Minggu, 14 April 2019

Yang Berharga dan Takkan Tergantikan



Hari ini cuaca sedang buruk-buruknya, aku memutuskan tidur dengan ibuk. Tak seperti biasanya, usapan lembut di kepalaku tak lantas membuatku tertidur sampai akhirnya ibuk yang tertidur. Aku amati helaan nafas demi nafasnya, "hiduplah selamanya," batinku.

Aku tenggelam dalam pikiran panjang yang tak berujung, hingga aku akhirnya tertidur. Pukul 3 pagi aku terbangun karena mendengar isakan, aku diam tak bergeming karena khawatir ibuk menyadarinya. Setiap hari, tak henti-hentinya doa ibuk terasa mengalir dalam setiap denyut nadiku, memberi energi positif dalam setiap aliran darah ke seluruh tubuh.

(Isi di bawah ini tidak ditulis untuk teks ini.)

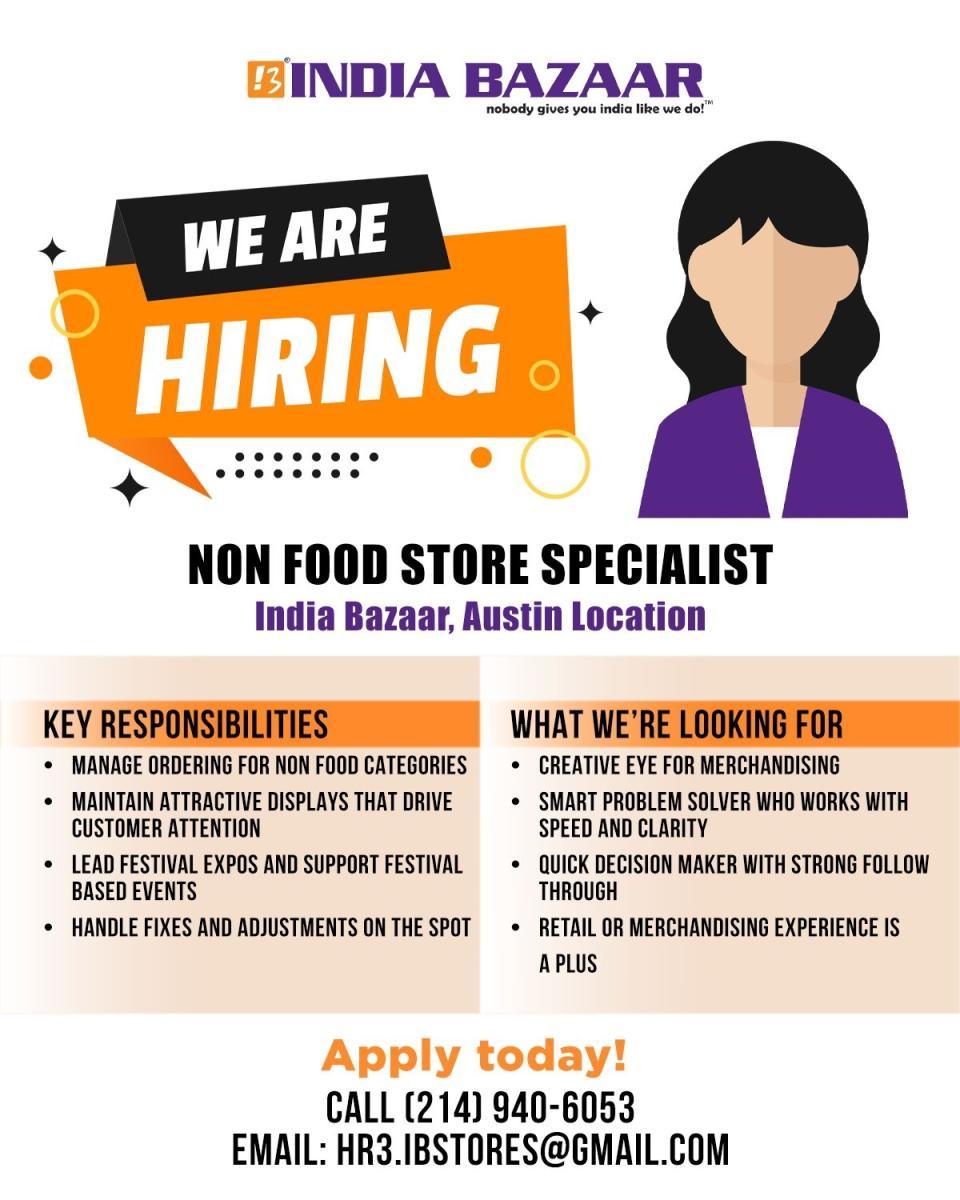 India Bazaar Hiring Non-Food Store Specialist in Austin – Apply Now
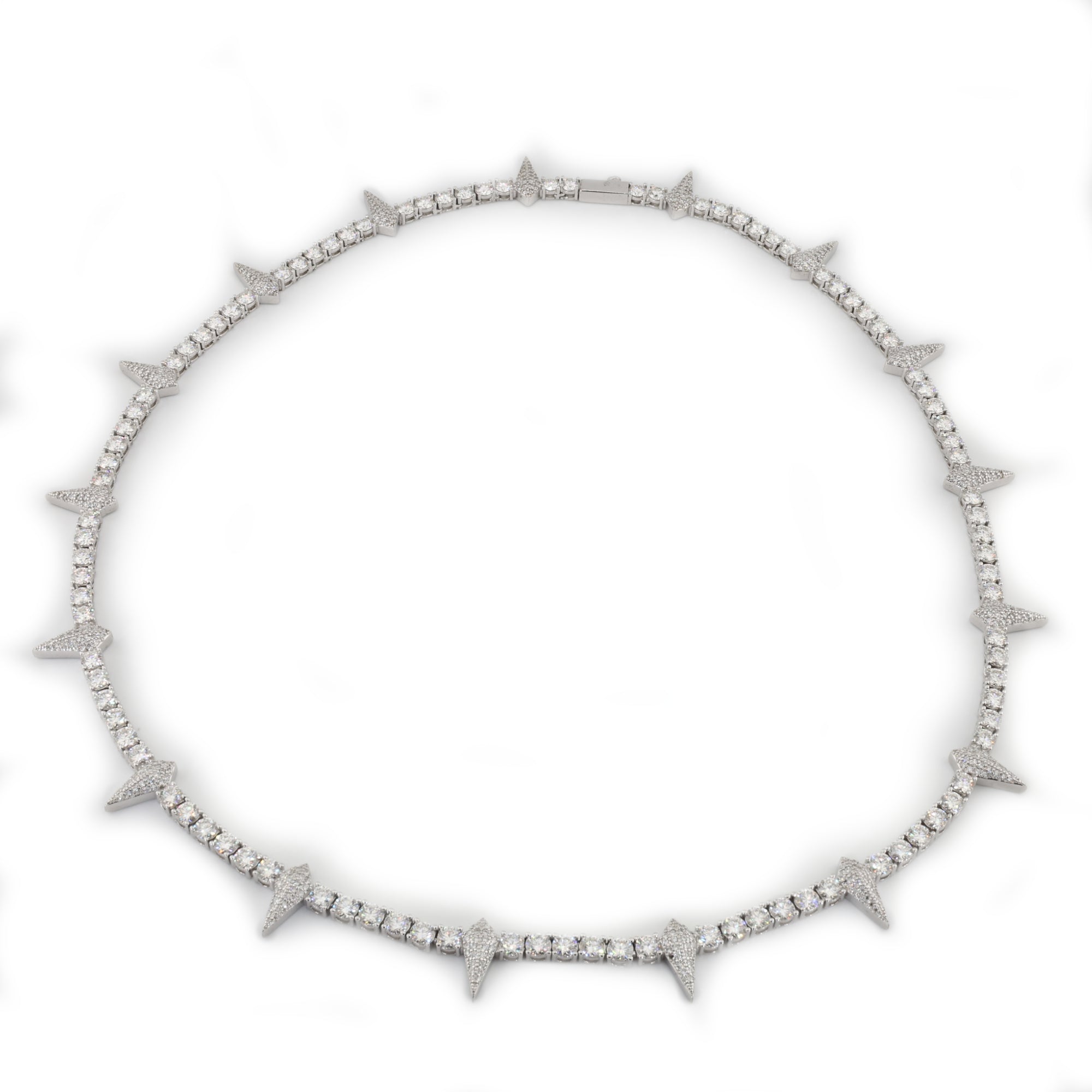 Executive Cut (4MM) White Viper Tennis Necklace
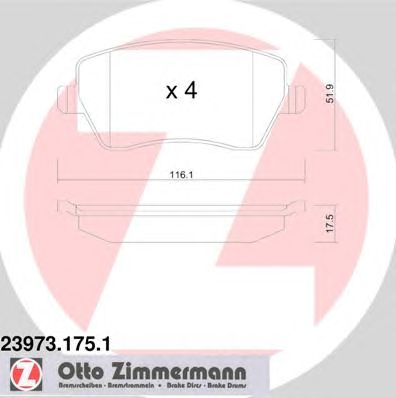Тормозные колодки ZIMMERMANN 23973.175.1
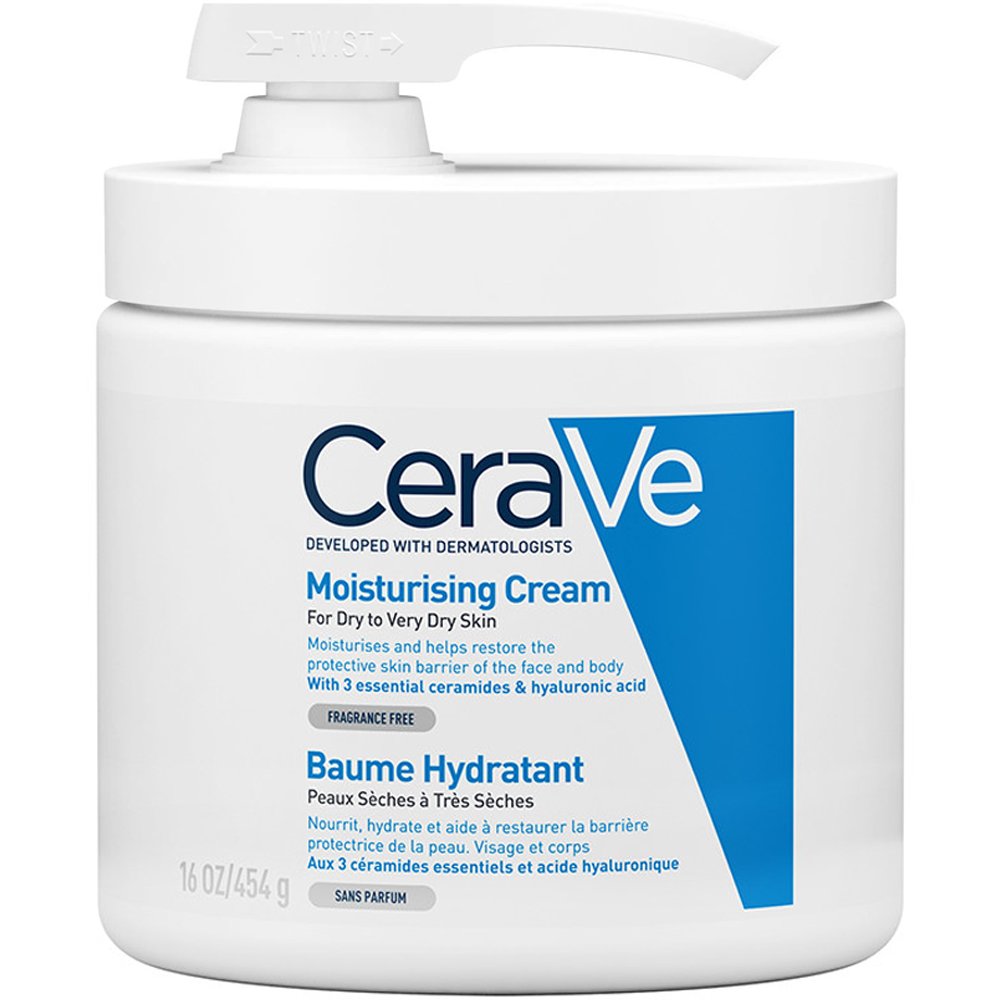 Cerave CeraVe Moisturising Cream Pump Ενυδατική Κρέμα Προσώπου & Σώματος με Αντλία, για Ξηρές έως Πολύ Ξηρές Επιδερμίδες 454g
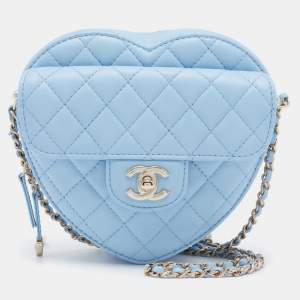 Pre Owned Chanel Blue Leather Heart Classic Shoulder Bag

Kepada ayah yang tak kenal letih dan mengajarkanku untuk tidak mengeluh. Bahwa segala jalan hidup kita, sudah diatur Yang Maha Kuasa. Meski tak pernah ayah mengungkapkan rasa sayangnya langsung, tapi terasa setiap aku mencium tangannya sebelum berangkat sekolah, terasa peran besarnya hingga aku sampai di titik ini. Selalu usapannya selepas aku kembali dari penatnya perkuliahan menjadi penawar, semangatku seakan terisi kembali.

Pada satu titik kenangan tertentu, aku rindu menjadi anak kecil. Memangkas penuh pikiran-pikiran yang tidak membahagiakan. Sembari disisipi sedikit demi sedikit makna berjuang dan hidup prihatin. Senantiasa spontan mendoakan lancarnya rezeki setiap melihat pedagang kecil. Mendoakan kesehatan mereka karena boleh jadi mereka satu-satunya tulang punggung keluarga.

Ajaran-ajaran keduanya pun tak melulu tersurat. Terekam dalam memoriku perkataan ibuk soal tidak meminta buah tangan kepada orang lain kecuali diberi karena setiap orang punya kepentingan dan kemampuannya masing-masing. Atau ketika ayah membantu mengantarkan tetangga ke rumah sakit sekaligus keduanya repot-repot bolak balik menyiapkan pengajian di rumahnya. Atau ketika aku diberi kepercayaan melakukan apapun hingga segan sekali untuk berbohong. Atau ketika aku diajak berkunjung dan memberi santunan ke panti asuhan. Juga ketika keduanya merawat mbah sampai ajalnya.

Sama halnya dengan luka masa kecil yang katanya membekas sampai besar—kecuali dengan penerimaan (5 stages of grief number 5; acceptance), begitu pula suar-suar nilai kehidupan semasa kecil.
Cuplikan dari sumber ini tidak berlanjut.